Claude #2 in another_app/                  → emulator-5554, its own VS Code, its own debug
Claude #3 in third_app/                    → iPhone simulator UDID, its own VS Code, its own debug

Three independent debug sessions, three IDE windows, three locked devices, no collisions. The HTTP adapter exposes both the unified /tools/* surface and a focused /dev-session/* sub-router for agents that only care about the dev-iteration loop.

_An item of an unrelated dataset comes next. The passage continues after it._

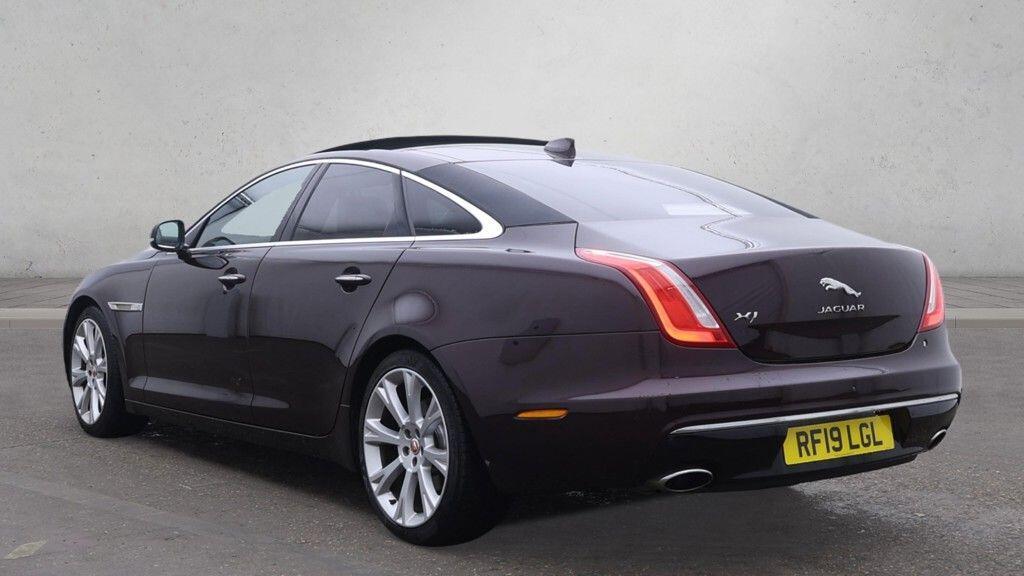 Jaguar XJ - Image 7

See examples/templates/dev_iteration.yaml for a runnable plan template; docs/ios_setup.md for the iPhone prerequisites (Developer Mode, DDI, tunneld, WebDriverAgent).

Contributing

See docs/adding_a_framework.md and docs/adding_an_mcp.md for the extension recipes. Both stay small (a few new files each) thanks to the Clean Architecture boundaries.

Pre-commit hooks

Mirrors CI exactly — install once, never push a red build again:

uv pip install pre-commit
pre-commit install
pre-commit run --all-files   # one-time baseline; CI parity check

Three gates: ruff (lint+autofix), pytest -q (fast suite, no tests/agent), generate_tool_catalogue --check (refuses if docs/tools.md drifts from the live registry). See .pre-commit-config.yaml.

Design

A shippable visual-asset brief pack lives in docs/design/ — six self-contained briefs (logo, social preview, landing page, architecture diagram, demo video, pitch deck) each with concrete specs + a Claude-designer prompt. Total ~12 person-days of design work to ship the full pack; the first 3 briefs (~7 days) cover 80% of the launch surface.

License

Apache License 2.0 — see LICENSE. Inbound contributions follow the same license; no separate CLA.